L’auteur s’adresse au président de
l’Association des pompiers de Montréal, Ronald Martin, qui a incité ses membres
à partir immédiatement à la retraite afin de minimiser leur contribution à la résorption
du déficit de leur régime de retraite.
Vous
m’inspirez, M. Martin. Vous avez placé l’intérêt de vos membres les plus
anciens avant ceux des pompiers les plus jeunes et ceux de la collectivité. Vous
avez prévenu vos contemporains du péril qui les attendait; ils ont fui juste à
temps. Quand le navire s’apprête à couler, il faut bien le quitter avant qu’il ne
sombre, n’est-ce pas?
Faisons une
expérience en pensée; supposons que je vous imite. Je préviendrais alors mes
concitoyens, ceux des générations X et Y en particulier, du péril qui les
attend. Je leur dirais que le navire de l’État québécois s’apprête à couler
sous le poids des dettes publiques que les deux générations précédentes leur
ont léguées. S’ils restent au Québec, ils deviendront les serfs des retraités, tout
justes bons à servir les dettes publiques. Des dettes qui résultent des
promesses que deux générations, la vôtre et la précédente, formés
majoritairement de cigales, se sont faites à elles-mêmes ‑ à la charge de leurs
enfants.
Si je vous
imitais, je les « informerais » qu’ils ont eux-aussi une sortie de
secours. Vos membres peuvent partir précipitamment à la retraite avant que le
gouvernement ne les cotise pour assurer leur rente. Les X et Y pourraient
eux-aussi partir vivre ailleurs avant que le gouvernement ou la ville ne les
siphonne à l’excès pour assurer…vos rentes.
Mais
n’avons-nous pas tous une responsabilité de secours mutuel les uns envers les
autres, en cas de malheur ou de sinistre ? À mes concitoyens X et Y qui éprouveraient
du remords à l’idée de vous laisser vous débrouiller sans leurs taxes, je
dirais de prendre exemple sur vos membres seniors. Par leur départ groupé et
précipité, les pompiers démissionnaires ont obligé la fermeture temporaire de
deux casernes. Des Montréalais se sont retrouvés avec une protection incendie
dégradée pendant quelques heures. Une chance qu’un sinistre majeur ne s’est pas
déclaré au mauvais moment. Par la somme de leurs gestes individuels, les
démissionnaires ont ainsi signifié que les Montréalais ne méritaient pas qu’ils
sacrifient une part de leur confort matériel pour assurer leur protection
incendie. À l’inverse, les générations cigales méritent-elles que les
contribuables X et Y sacrifient une part croissante du leur confort pour protéger
celui de leurs aînés ?
Vous
invoquez la promesse qui vous a été faite par votre employeur dans le passé et
qui sera prochainement rognée. Une promesse c’est une promesse; la rogner
serait du vol, n’est-ce pas? Aux X et aux Y, les cigales ont promis un avenir
meilleur à l’aide d’un endettement collectif. Sauf que cette dette a surtout servi
à financer, non pas des infrastructures durables, mais leurs jobs biens
rémunérés. Aujourd’hui, le Québec se retrouve parmi les états les plus
endettés, mais pas parmi les plus prospères.
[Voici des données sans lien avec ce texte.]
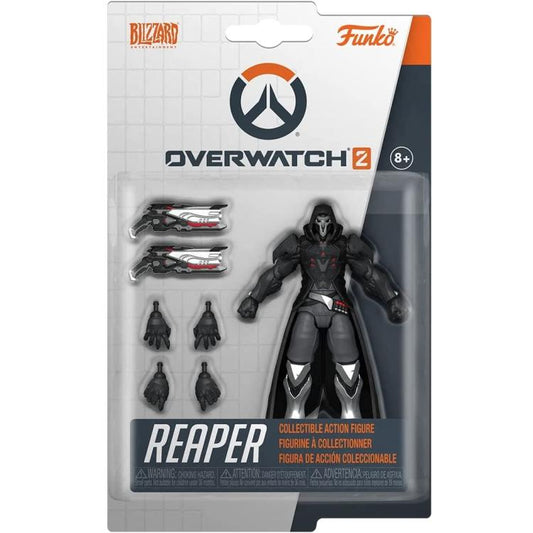 Funko Action Figure - Overwatch 2 (Reaper) Giocattolo Toys Games Vinyl 13Cm
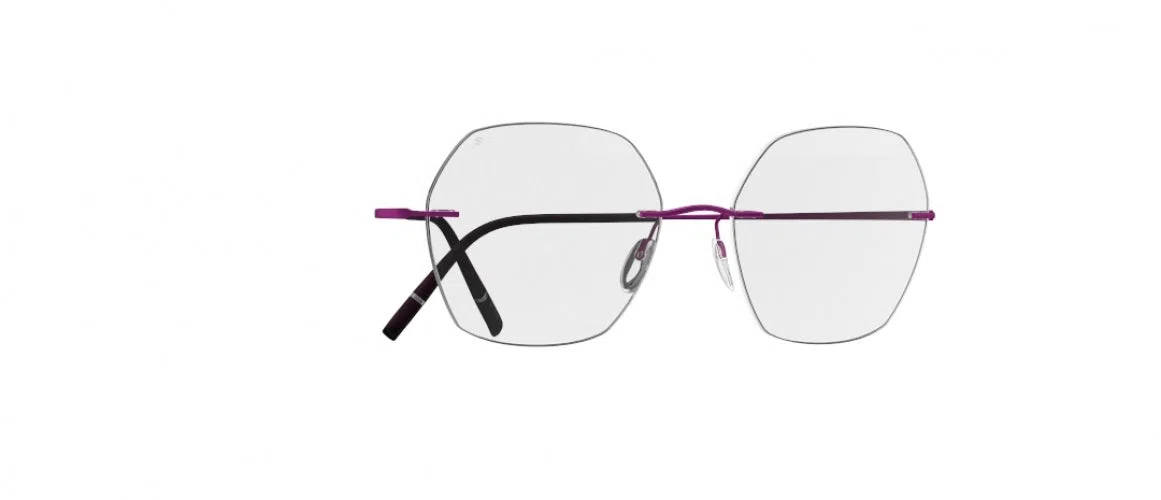 Silhouette Titan Minimal Art Stellar Chassis Rimless 5599 Eyeglasses - view 129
Là aussi il y a une promesse brisée. Pas un contrat de travail comme le vôtre,
mais plutôt un contrat social. Cela vous autorise-t-il à fuir à la retraite
pour minimiser votre contribution à la résorption du problème ?
Vous aurez
compris, M. Martin, que je ne m’adresse pas seulement à vous, mais bien à tous
ceux parmi vos contemporains qui pensent comme vous. Cela fait trente ans que
nous pelletons par en avant le problème des dettes publiques, en espérant qu’il
s’atténue de lui-même sans trop de heurts. Il ne faut plus laisser les cigales
se dérober à l’effort collectif pour le résorber.